Hoyle wan't necessarily assuming comp (and nor do I when talking in this
way). But the point which I have consistently tried to put to you is more
basic. This is that "the relative indeterminacy of the relative first
person perspective" already, by that very formulation, assumes without
justification (albeit rather inexplicitly) some specific relative
localisation within what is, more properly considered, an indifferent
ensemble (e.g. UD* or alternatively some cosmological SWE). Hoyle's way of
thinking makes the indeterminate localisation of experience explicit and *
absolute* at the outset: he just imagines, in effect, what would it be
"like" if the ensemble of all possible occasions of sentience were
"unrolled" stochastically in a sort of eternal recurrence. This gives,
effectively, a relative-frequency interpretation of the probability of any
particular occasion being presently "given".

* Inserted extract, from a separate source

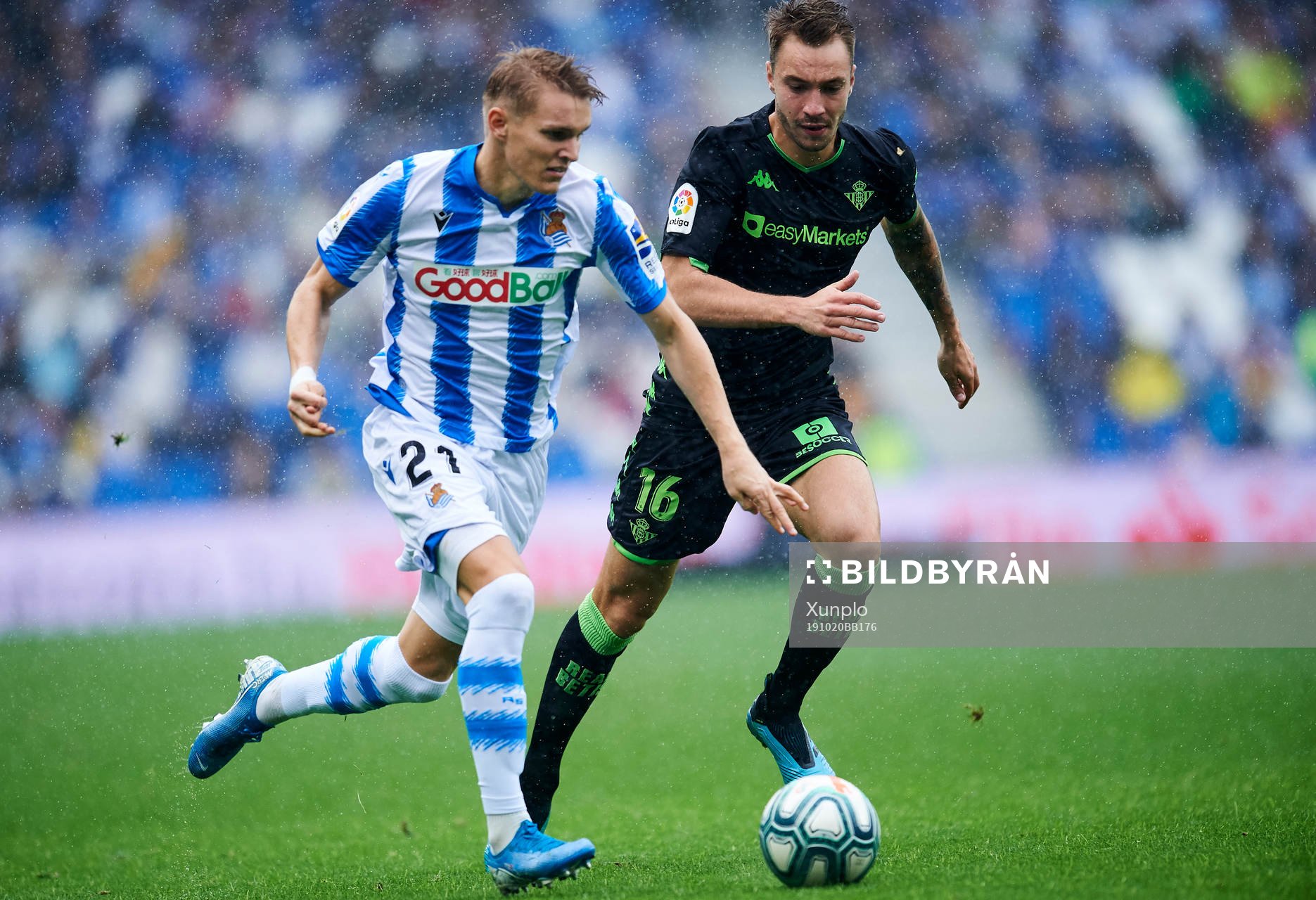 Martin Odegaard of Real Sociedad battles for the ball with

*But then such stochastic process will interfere with the outcomes of
duplication, and transportation, at least to make sense. But then it might
be in conflict with computationalism.*
I don't see why you think so. The experiences associated with each
duplication or transportation outcome are assumed to be present in the
deterministic substrate in due measure, and hence to occur in the
associated stream of consciousness in due course. That there is always
some given occasion of experience is consequent on an absolute
first-personal indeteminism; relativisation to an episode of a particular
personal history is then dependent on whatever deterministic substrate is
associated with the given occasion. "Relative amnesia" (or selective
memory) effectively compartmentalises first-personal histories from each
other and is consequently transparent to "reconstitution delay".
The above considerations seem so basic to our disagreement that rather than
comment further on your other points, I will await your response to this.
It is of course perfectly possible (not to say likely) that I am missing
something basic here, so I am trying to be as explicit as possible. Let me
know what, if anything, is still unclear.